Ahí estaba, sobre esa pequeña escalera apoyada sobre la pared blanca del jardín. Un enorme sombrero le cubría el rostro, las nubes de humo del cigarro se escapaban de su boca.
Eran las ocho de la mañana.
Dibujaba en aquella pared un árbol de flores rojas. La observé largo tiempo sin que notara mi presencia; ella reía, y de vez en cuando mascullaba alguna que otra palabra inentendible para mí, debido a la distancia.

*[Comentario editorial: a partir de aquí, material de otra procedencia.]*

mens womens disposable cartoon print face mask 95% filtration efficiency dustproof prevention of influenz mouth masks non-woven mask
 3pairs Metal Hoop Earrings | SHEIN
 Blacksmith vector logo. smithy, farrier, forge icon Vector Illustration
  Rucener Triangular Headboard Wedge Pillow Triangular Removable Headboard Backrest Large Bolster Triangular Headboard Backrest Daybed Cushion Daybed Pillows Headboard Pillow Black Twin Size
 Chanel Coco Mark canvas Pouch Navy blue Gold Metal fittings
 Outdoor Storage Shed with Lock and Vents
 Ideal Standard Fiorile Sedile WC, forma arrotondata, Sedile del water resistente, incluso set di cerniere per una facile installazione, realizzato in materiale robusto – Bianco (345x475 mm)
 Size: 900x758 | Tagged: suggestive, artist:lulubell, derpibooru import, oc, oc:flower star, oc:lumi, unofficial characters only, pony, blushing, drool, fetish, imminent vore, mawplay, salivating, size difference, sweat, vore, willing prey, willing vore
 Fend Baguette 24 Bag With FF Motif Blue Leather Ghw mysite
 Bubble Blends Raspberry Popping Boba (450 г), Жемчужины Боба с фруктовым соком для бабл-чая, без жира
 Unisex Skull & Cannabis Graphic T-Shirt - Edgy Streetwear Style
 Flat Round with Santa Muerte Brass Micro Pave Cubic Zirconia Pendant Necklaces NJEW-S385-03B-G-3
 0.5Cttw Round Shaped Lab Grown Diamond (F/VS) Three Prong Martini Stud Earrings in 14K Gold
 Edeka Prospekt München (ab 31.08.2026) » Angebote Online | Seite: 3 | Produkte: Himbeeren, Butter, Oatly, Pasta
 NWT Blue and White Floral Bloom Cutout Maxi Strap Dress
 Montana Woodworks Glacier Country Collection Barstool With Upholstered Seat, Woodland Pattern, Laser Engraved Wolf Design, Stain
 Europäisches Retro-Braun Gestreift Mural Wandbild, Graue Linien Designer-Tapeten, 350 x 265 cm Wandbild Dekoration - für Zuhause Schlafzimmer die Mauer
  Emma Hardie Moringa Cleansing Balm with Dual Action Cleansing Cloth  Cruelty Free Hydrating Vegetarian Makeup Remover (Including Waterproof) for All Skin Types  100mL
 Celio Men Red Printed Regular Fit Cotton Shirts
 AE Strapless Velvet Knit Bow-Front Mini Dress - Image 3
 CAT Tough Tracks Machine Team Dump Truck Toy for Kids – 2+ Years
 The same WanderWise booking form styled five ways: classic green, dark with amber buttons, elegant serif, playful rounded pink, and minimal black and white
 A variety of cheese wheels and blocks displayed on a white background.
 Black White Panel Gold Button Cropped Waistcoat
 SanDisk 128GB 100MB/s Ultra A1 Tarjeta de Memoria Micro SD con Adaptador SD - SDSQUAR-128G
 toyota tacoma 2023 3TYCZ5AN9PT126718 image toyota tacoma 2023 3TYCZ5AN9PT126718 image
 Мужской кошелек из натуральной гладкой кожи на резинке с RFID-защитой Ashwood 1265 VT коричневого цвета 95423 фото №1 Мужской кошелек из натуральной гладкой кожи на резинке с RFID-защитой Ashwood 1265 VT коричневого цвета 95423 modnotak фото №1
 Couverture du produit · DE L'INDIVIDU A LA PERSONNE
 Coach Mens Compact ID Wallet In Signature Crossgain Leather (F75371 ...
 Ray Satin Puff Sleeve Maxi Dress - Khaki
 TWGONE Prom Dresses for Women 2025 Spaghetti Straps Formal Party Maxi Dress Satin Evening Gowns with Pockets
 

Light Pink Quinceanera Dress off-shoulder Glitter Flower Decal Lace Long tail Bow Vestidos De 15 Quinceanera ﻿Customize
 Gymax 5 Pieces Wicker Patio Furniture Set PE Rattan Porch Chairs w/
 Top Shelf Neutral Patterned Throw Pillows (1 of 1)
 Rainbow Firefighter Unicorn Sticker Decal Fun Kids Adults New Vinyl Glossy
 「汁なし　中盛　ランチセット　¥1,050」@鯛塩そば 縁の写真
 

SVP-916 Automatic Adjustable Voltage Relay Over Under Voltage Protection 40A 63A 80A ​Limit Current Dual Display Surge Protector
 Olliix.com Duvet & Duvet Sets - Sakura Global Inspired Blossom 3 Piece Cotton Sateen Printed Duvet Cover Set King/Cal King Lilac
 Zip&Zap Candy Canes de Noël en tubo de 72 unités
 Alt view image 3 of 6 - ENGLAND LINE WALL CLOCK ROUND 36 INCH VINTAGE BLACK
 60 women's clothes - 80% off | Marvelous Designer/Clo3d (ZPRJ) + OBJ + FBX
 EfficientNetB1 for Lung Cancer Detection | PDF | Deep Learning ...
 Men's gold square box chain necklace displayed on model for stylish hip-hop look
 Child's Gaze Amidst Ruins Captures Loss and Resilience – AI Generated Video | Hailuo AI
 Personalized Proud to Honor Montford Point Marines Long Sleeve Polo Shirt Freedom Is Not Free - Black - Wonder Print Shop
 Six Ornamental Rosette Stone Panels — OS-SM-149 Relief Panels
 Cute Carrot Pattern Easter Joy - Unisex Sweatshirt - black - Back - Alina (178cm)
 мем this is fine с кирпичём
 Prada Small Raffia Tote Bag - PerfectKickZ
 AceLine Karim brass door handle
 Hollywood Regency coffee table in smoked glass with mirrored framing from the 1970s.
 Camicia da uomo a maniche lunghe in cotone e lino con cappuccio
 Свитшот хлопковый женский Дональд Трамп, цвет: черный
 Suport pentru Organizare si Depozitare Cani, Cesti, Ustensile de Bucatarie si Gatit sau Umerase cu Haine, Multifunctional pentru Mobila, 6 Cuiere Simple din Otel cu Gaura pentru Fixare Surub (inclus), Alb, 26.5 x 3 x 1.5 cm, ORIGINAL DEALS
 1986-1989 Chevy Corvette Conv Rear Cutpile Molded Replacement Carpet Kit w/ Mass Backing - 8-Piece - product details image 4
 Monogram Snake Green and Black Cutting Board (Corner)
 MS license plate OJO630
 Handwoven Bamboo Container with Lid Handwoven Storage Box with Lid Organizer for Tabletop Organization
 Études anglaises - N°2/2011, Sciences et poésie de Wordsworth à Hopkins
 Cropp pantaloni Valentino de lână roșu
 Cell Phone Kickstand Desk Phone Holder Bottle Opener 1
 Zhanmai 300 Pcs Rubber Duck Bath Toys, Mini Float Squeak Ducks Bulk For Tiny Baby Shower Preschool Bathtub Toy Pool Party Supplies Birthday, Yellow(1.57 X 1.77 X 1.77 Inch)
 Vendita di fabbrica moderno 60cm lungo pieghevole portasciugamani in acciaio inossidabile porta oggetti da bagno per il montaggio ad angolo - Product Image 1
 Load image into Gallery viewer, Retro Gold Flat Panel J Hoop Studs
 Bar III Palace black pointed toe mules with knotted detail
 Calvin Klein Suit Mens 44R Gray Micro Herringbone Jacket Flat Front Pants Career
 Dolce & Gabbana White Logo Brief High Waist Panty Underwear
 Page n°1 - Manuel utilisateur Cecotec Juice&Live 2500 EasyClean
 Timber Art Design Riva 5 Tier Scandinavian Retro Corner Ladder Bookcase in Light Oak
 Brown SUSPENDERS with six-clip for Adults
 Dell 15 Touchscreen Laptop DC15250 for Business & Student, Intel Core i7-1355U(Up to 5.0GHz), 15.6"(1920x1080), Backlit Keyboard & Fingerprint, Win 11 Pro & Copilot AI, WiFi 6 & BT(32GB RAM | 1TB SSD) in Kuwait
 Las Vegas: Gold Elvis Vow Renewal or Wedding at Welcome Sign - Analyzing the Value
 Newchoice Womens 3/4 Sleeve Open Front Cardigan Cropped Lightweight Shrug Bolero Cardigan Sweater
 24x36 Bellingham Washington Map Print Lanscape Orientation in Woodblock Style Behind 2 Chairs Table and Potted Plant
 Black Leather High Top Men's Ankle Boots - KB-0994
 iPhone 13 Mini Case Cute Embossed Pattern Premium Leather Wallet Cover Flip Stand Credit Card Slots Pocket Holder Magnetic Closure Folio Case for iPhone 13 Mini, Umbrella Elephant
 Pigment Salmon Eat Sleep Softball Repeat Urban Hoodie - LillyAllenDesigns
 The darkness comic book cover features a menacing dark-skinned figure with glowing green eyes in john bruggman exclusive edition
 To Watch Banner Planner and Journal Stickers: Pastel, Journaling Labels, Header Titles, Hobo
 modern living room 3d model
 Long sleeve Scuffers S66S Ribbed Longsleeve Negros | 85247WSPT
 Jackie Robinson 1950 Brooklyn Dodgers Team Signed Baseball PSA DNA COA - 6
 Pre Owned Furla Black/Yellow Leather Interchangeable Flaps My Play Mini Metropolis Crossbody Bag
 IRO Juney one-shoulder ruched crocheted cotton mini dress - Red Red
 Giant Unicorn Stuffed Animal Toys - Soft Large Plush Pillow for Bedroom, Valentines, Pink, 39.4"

Me estuve bajo ese almendro, que me ocultaba a su vista, durante unas dos horas, las mismas que ella invirtió en lograr aquel dibujo; la veía entrar y salir de casa, siempre sin dejarse ver el rostro, pero pude imaginarlo. Sus delgadas y largas piernas me decían que invertía tiempo en su aspecto físico. Una figura tan armoniosa no podría tener más que un lindo rostro.
Un día antes coincidimos en la ferretería. El movimiento de su boca al pedir los tres colores de pintura vinílica hizo que mis ojos se perdieran en ella. Salió del lugar y yo, olvidando por lo que iba, la seguí con la mirada hasta que su pequeña silueta se perdió entre las luces naranjas del atardecer.
Decidí seguirla. No me importaba si se diera cuenta o no: ¡quería verla!, mirar el tiempo suficiente para grabar en mi memoria las ondulaciones de su cuerpo, el flotar de sus cabellos con el viento.
Ahora está quieta. Los rayos de sol se filtran por las cortinas viejas de la ventana.
Fue algo complicado traerla hasta acá: ¿cómo arrancarla de aquella pared, de ese árbol sin vida y de sus flores rojas?
La misma vieja noche llega hasta mí.
Por eso decidí guardar en el recuerdo aquella luz del sol atardecido filtrándose por las cortinas, iluminándole el pálido rostro y su cuerpo desnudo, ahora ya tan quieto. Y aquellos grandes ojos que me miran, ya sin parpadear.